Problem: Retype the whole listing, please, keeping every line exact and dropping the pictures.

Source data:
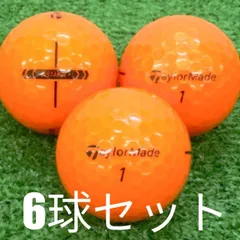 ロストボール ゴルフボール TaylorMade 2025 Distance+ ボール オレンジ 6球セット 中古 Aランク 特選 テーラーメイド ディスタンスプラス 全てのショットで優れたボール初速と飛距離性能を発揮！シンプルに「より遠くへ」飛ぶ性能を追求し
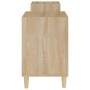Fernsehmöbel aus Eichenholz-Sonoma-Sperrholz 160x35x55 cm. von , TV-Möbel - Ref: Foro24-821191, Preis: 94,20 €, Rabatt: %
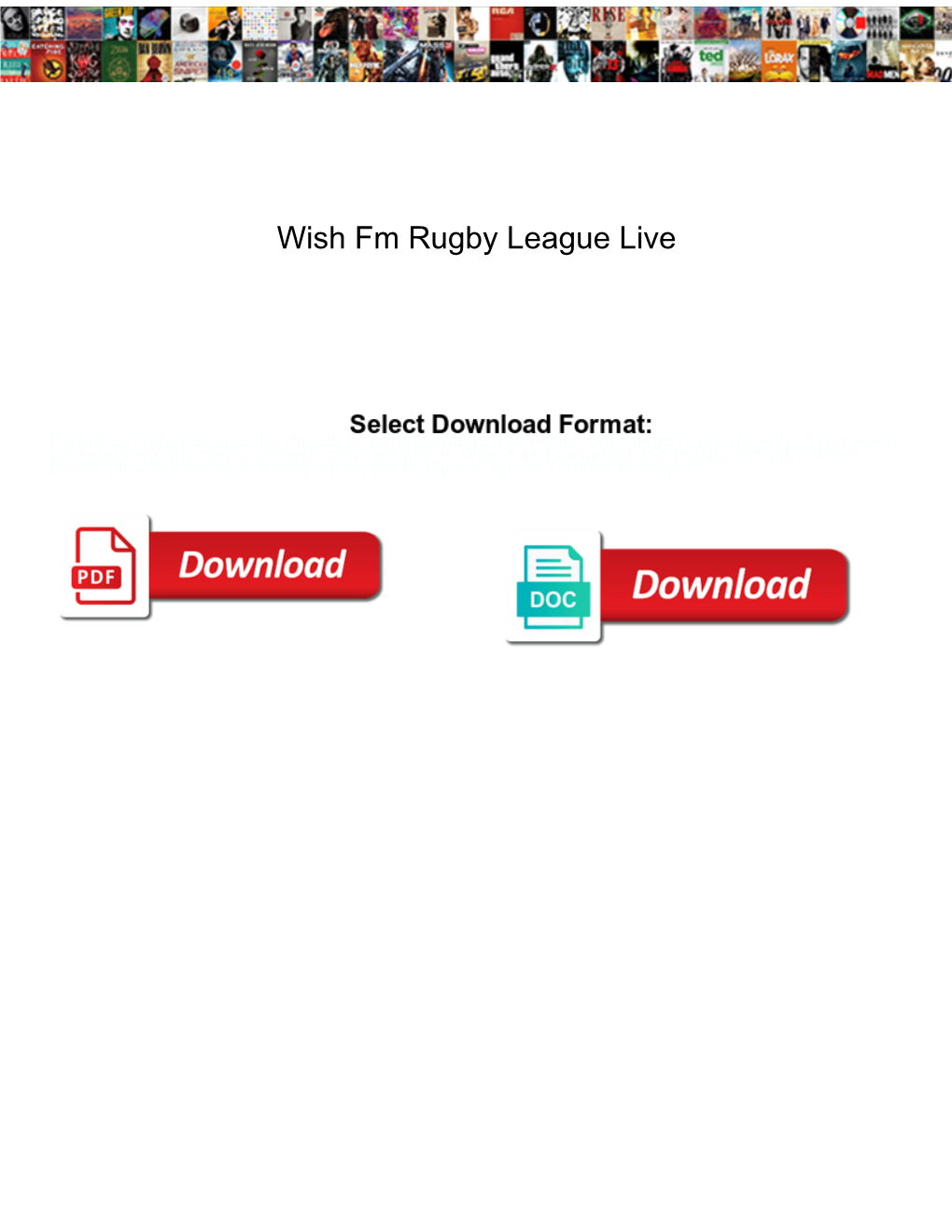 Wish Fm Rugby League Live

Solution for this problem:
 ロストボール ゴルフボール TaylorMade 2025 Distance+ ボール オレンジ 6球セット 中古 Aランク 特選 テーラーメイド ディスタンスプラス 全てのショットで優れたボール初速と飛距離性能を発揮！シンプルに「より遠くへ」飛ぶ性能を追求し
Fernsehmöbel aus Eichenholz-Sonoma-Sperrholz 160x35x55 cm. von , TV-Möbel - Ref: Foro24-821191, Preis: 94,20 €, Rabatt: %
 Wish Fm Rugby League Live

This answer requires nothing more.